书名：Python Machine Learning Cookbook（Second Edition）
作者名：Giuseppe Ciaburro Prateek Joshi
本章字数：335字
更新时间：2021-06-24 15:40:54

How to do it…

Let's see how to predict the quality of wine:

We will use the wine.quality.py file, already provided to you as a reference. We start, as always, by importing the NumPy library and loading the data (wine.txt):

import numpy as np
input_file = 'wine.txt'
X = []
y = []
with open(input_file, 'r') as f:
  for line in f.readlines():
     data = [float(x) for x in line.split(',')]
     X.append(data[1:])
     y.append(data[0])
X = np.array(X)
y = np.array(y)

Two arrays are returned: X (input data), and y (target).

Now we need to separate our data into two groups: a training dataset and a testing dataset. The training dataset will be used to build the model, and the testing dataset will be used to see how this trained model performs on unknown data:

from sklearn import model_selection
X_train, X_test, y_train, y_test = model_selection.train_test_split(X, y, test_size=0.25, random_state=5)

Four arrays are returned: X_train, X_test, y_train, and y_test. This data will be used to train and validate the model.

Let's train the classifier:

from sklearn.tree import DecisionTreeClassifier

classifier_DecisionTree = DecisionTreeClassifier()
classifier_DecisionTree.fit(X_train, y_train)

To train the model, a decision tree algorithm has been used. A decision tree algorithm is based on a non-parametric supervised learning method used for classification and regression. The aim is to build a model that predicts the value of a target variable using decision rules inferred from the data features.

Now it's time to the compute accuracy of the classifier:

y_test_pred = classifier_DecisionTree.predict(X_test)

accuracy = 100.0 * (y_test == y_test_pred).sum() / X_test.shape[0]
print("Accuracy of the classifier =", round(accuracy, 2), "%")

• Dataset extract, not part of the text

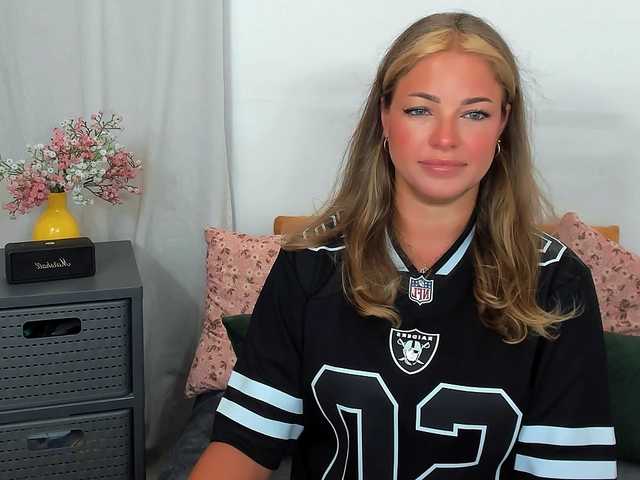 LilyTop live cam on BongaCams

The following result is returned:

Accuracy of the classifier = 91.11 %

Finally, a confusion matrix will be calculated to compute the model performance:

from sklearn.metrics import confusion_matrix

confusion_mat = confusion_matrix(y_test, y_test_pred)
print(confusion_mat)

The following result is returned:

[[17  2  0]
 [ 1 12  1]
 [ 0  0 12]]

Values not present on the diagonals represent classification errors. So, only four errors were committed by the classifier.